The Malaysian Insider understands that Najib could also downgrade economic growth forecast for next year from 5 per cent to 3 per cent. He has little choice. The recent freefall of palm oil prices and the sharp drop in crude oil prices will dent the government's revenue in 2009 and 2010 and impact on its ability to fund projects over the next few years.

Also, with the United States economy in a recession and other markets for Malaysian exports slowing considerably, it is only natural that the manufacturing sector here will be affected.

If the government gets it right with its slew of measures on Nov 4, Malaysians will experience an economic slowdown for the next two years but will avoid a gut-wrenching recession.

Sources told The Malaysian Insider that to keep up domestic economy and consumption the government is likely to spend on several major infrastructure projects. But to do that, it must be prepared to allow the Budget deficit to grow even wider.
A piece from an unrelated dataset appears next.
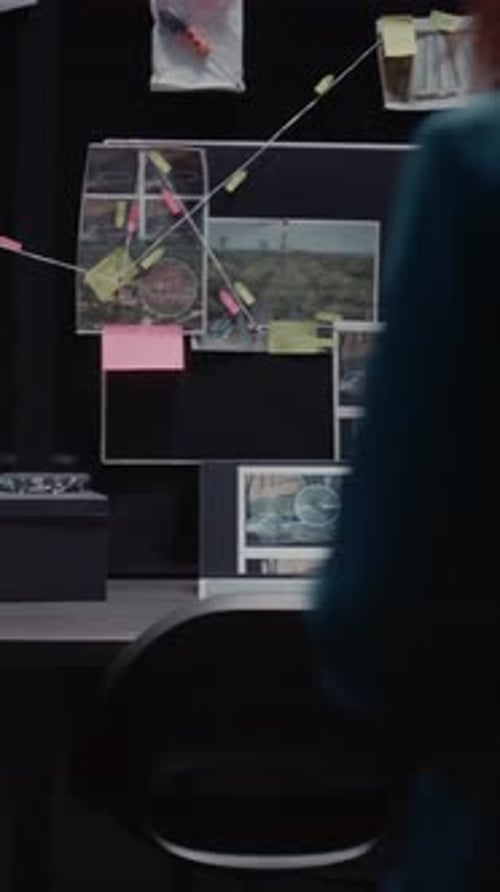 Detective Working Late at Desk in Office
Government economists and Finance Ministry officials have been looking at the past economic slowdowns and examining strategies that worked then in 1986 and 1997. Clearly, there is consensus that the credit crises in the United States and its contagion effect across the world are more serious and unpredictable than the slump in commodity prices in the 1980s and the Asian Financial Crisis.

Today's global financial crisis is unlike any other in more than three decades. The turmoil has been exported from the US, and then western Europe, to emerging markets. Securitisation and the proliferation and global distribution of complex and opaque financial instruments mean that economies have become more interdependent.
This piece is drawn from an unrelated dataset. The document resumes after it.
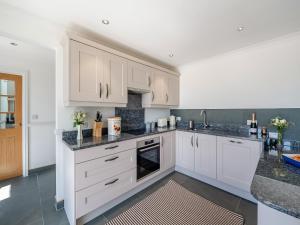 a kitchen with white cabinets and granite counter tops at The Stables - Uk49089 in Crediton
After the resolution of the crises of the 1980s and 1990s, many emerging markets implemented key reforms, pursued prudent macroeconomic policies, strengthened banking and financial institutions and built up significant central bank reserves. In spite of their reforms, many of these countries have been caught in the downdraft of this credit crisis. They are the victims of financial stress that is both not of their making and is beyond their control. It is now affecting their real economies. No country will be spared.

A month ago, Brazil's president said that the crisis would produce only "a ripple" in his country. He was wrong. On Oct 16, the country's stock exchange index lost more than 11 per cent, its biggest single-day drop in a decade. The real has slid 30 per cent against the dollar since Aug 1.

The thinking within the Malaysian government appears to be that growth next year could hit a low of 2 per cent but 2010 could be more challenging if the government cuts back on developmental and infrastructure projects.

In mid-1980s, the Mahathir administration awarded large projects to the private sector with cheap loans, resulting in the North-South Expressway, the Penang Bridge and several other infrastructure projects being built. At the same time, it accelerated its privatisation policy and relaxed the Bumiputera ownership requirements.

The government succeeded in its bid to revive the economy. Indeed, Malaysia became one of the fastest growing countries in the world, averaging a growth in GDP of over 8 per cent for the decade of 1987 to 1997. The rapid growth also brought in massive foreign investment into the stock market and financial sector, creating bull runs in 1993 and 1994.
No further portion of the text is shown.